[Items from a data source]
________________________

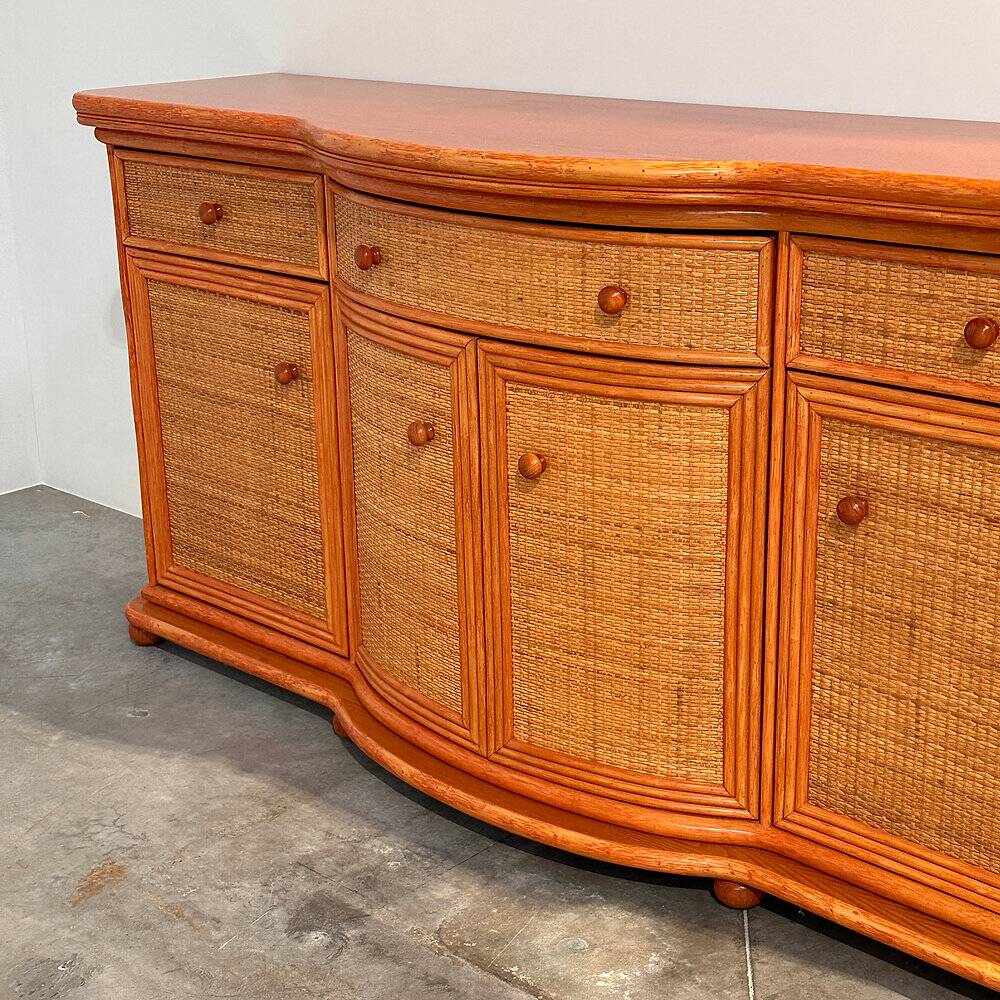 Vintage rattan & wood orange curved sideboard, 1980s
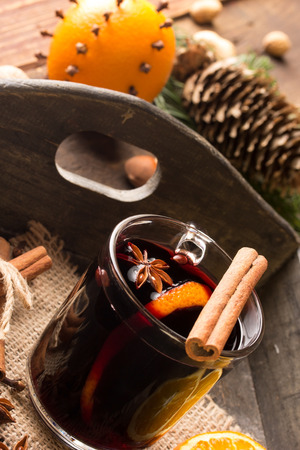 glass of mulled wine in rustic styleの写真素材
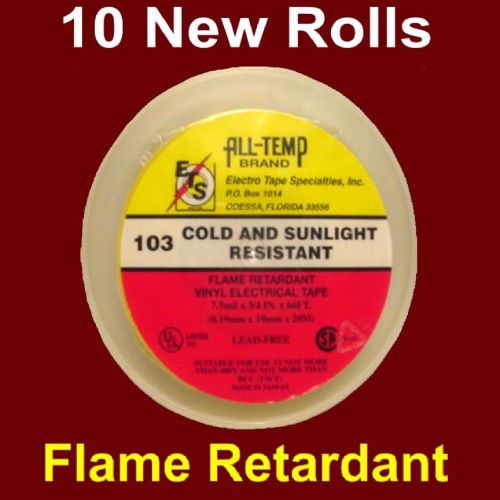 10 new rolls all temp vinyl electrical tape,7.5m yellow for sale
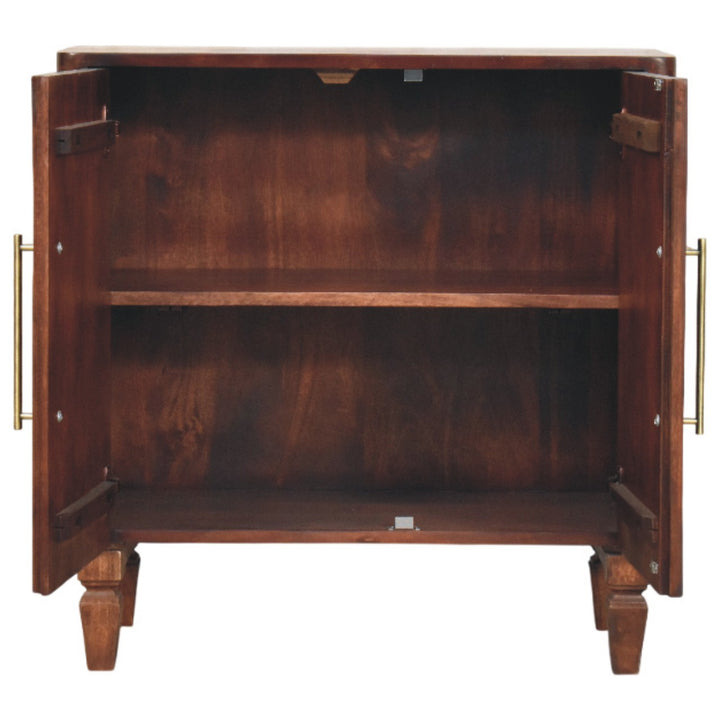 Chocolate Brown Lacquered Winewood Oak Solid Mango Wood Cavallo Wardrobe with Fluted Detailing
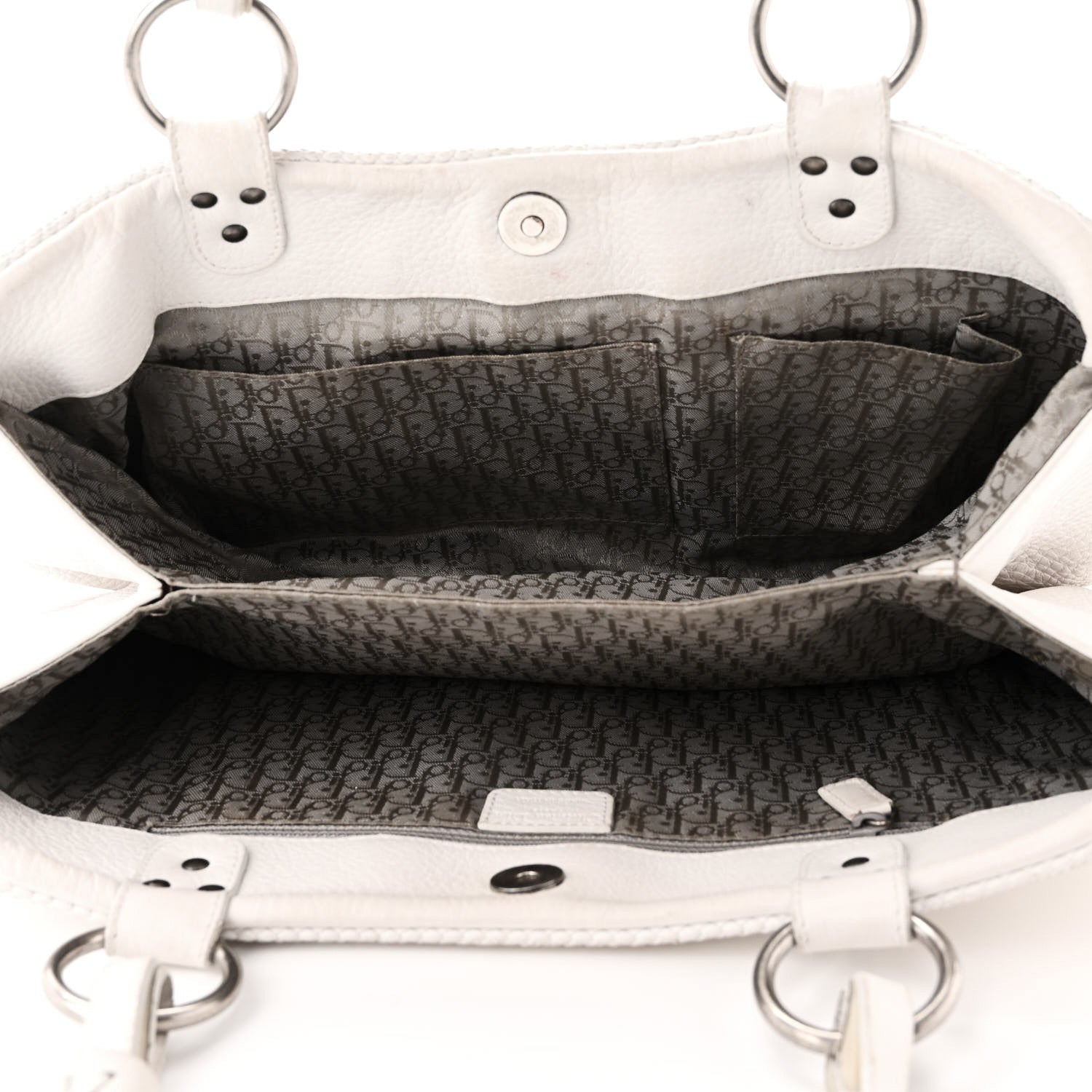 Christian Dior Calfskin Braided Gaucho Double Saddle Bag White 5 of 16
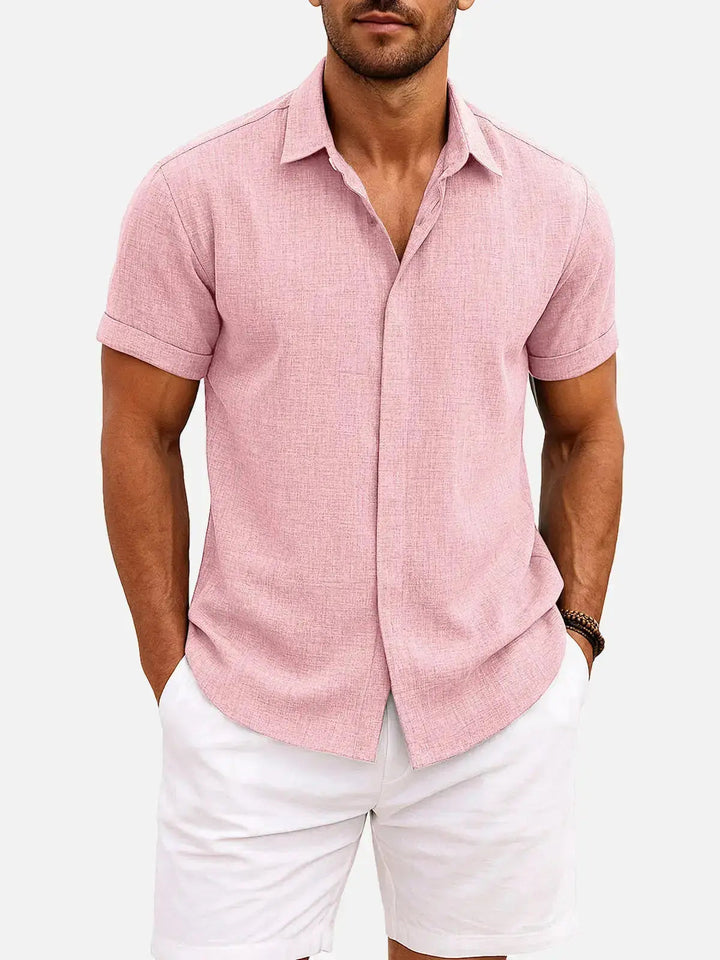 Everyday men's button down, short sleeve, textured fabric, comfortable and cool for warm weather.
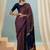 Wine modern ready to drape saree with unstitched blouse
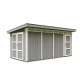 Domek ogrodowy 12 m² z nieimpregnowanego w kolorze Cavern Steel - panele LP® SmartSide® - dwoje drzwi - Timbela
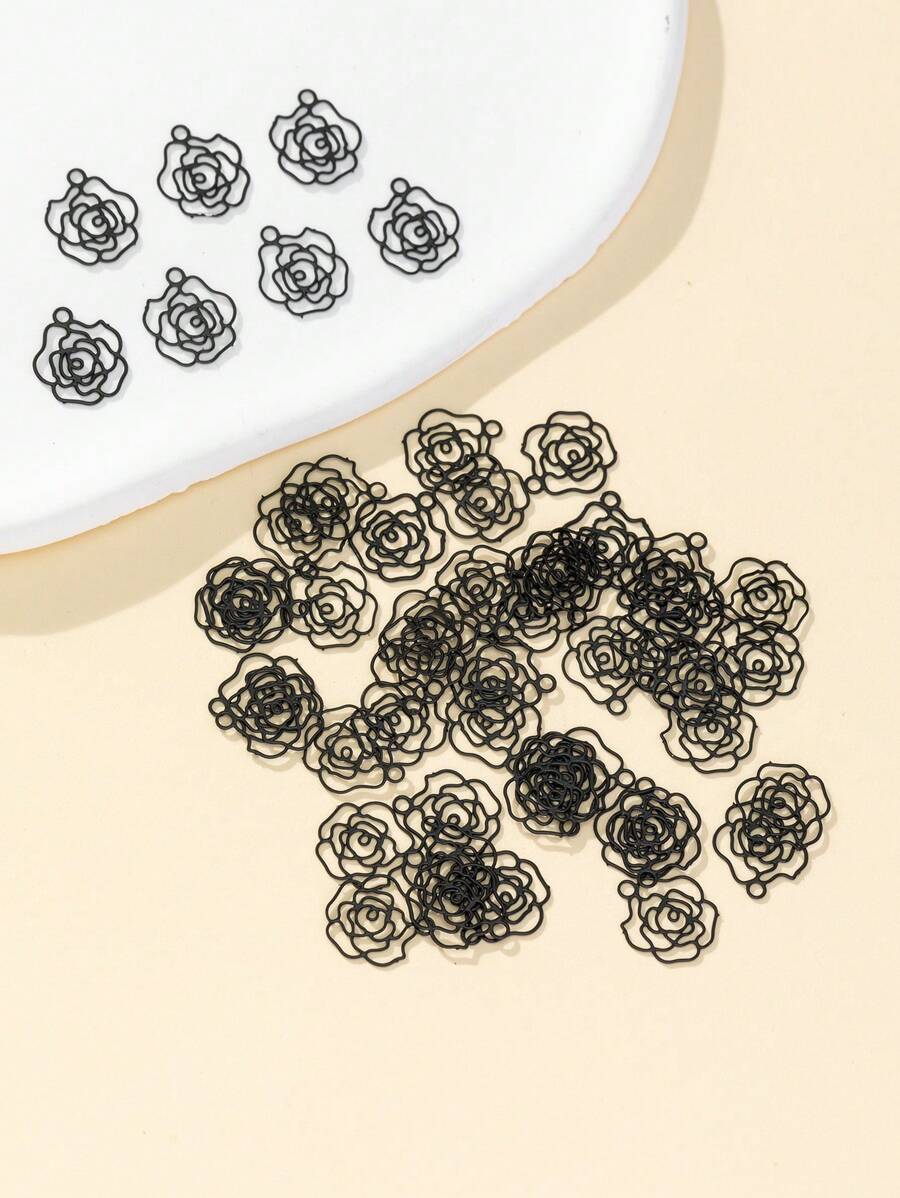50 peças/conjunto Pingente faça você mesmo flor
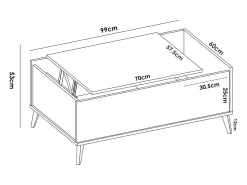 New Dmora Mesa de centro Dburs, Porta-revistas da sala com compartimento de arrumação, Mesa de centro baixa elevada, 99x60h41 cm, Antracite e Carvalho Preto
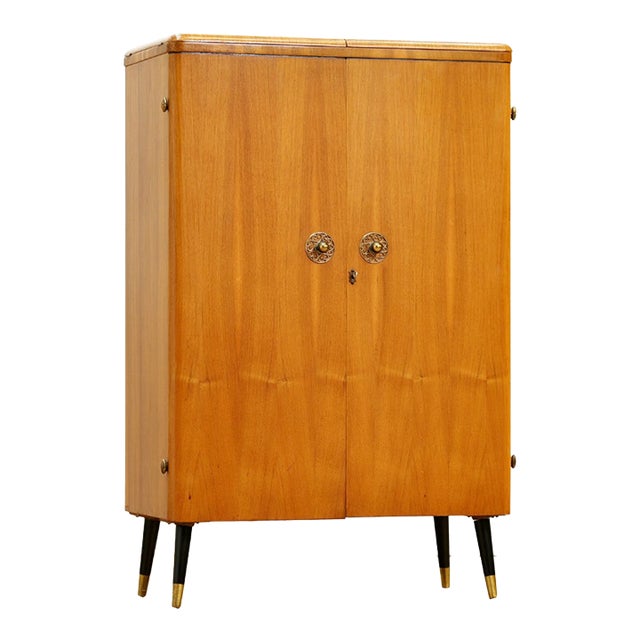 1960s Teak English Dry Bar Liquor Cabinet For Sale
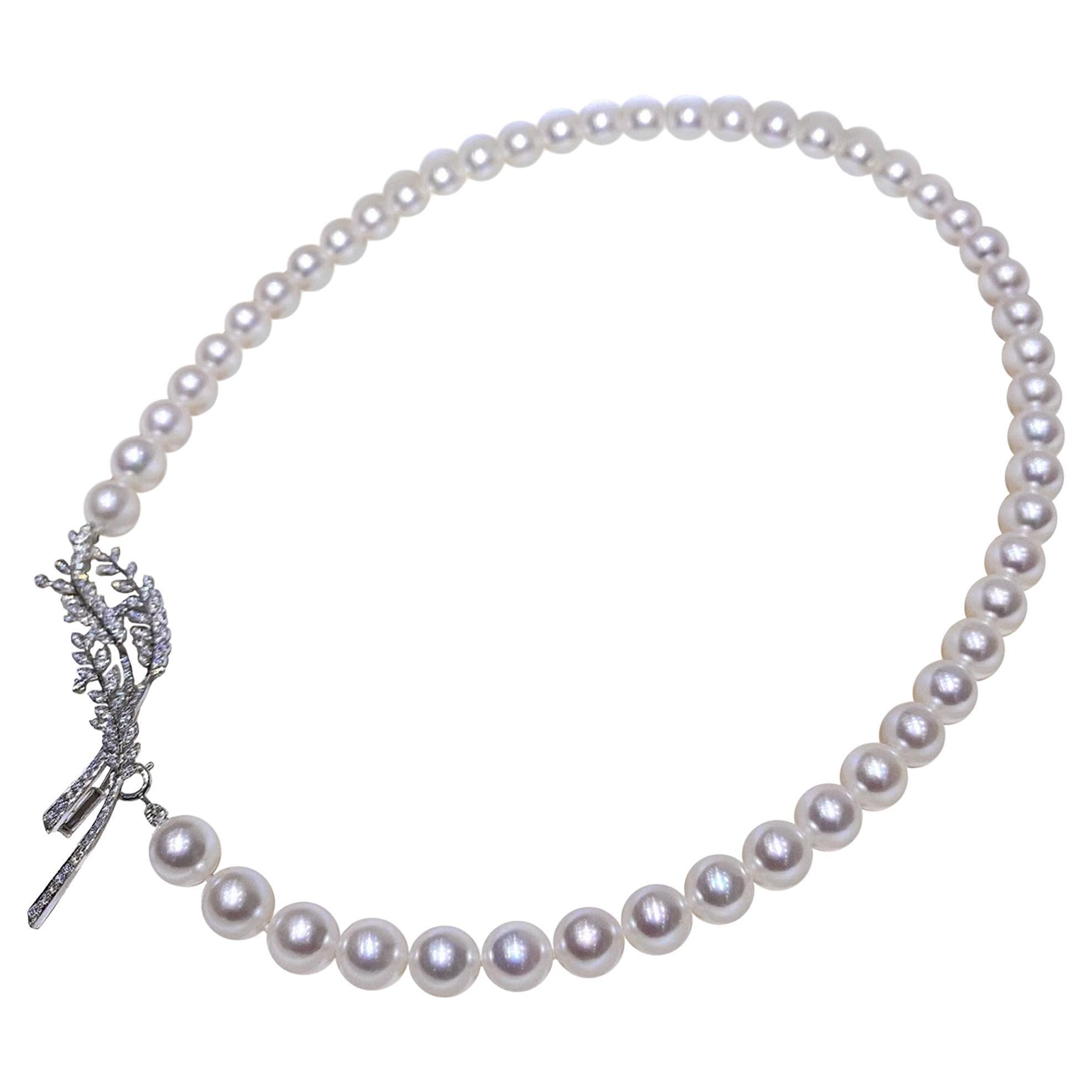 【Vine Symphony】PSL Certified Akoya Pearl Necklace with Detachable Diamond Clasp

________________________

**What to produce**
Write out exactly, please, the lines that start at the one containing "1960s Teak English" and run through the final line of the entries, both included, leaving pictures out.

**Answer section**
 1960s Teak English Dry Bar Liquor Cabinet For Sale
 【Vine Symphony】PSL Certified Akoya Pearl Necklace with Detachable Diamond Clasp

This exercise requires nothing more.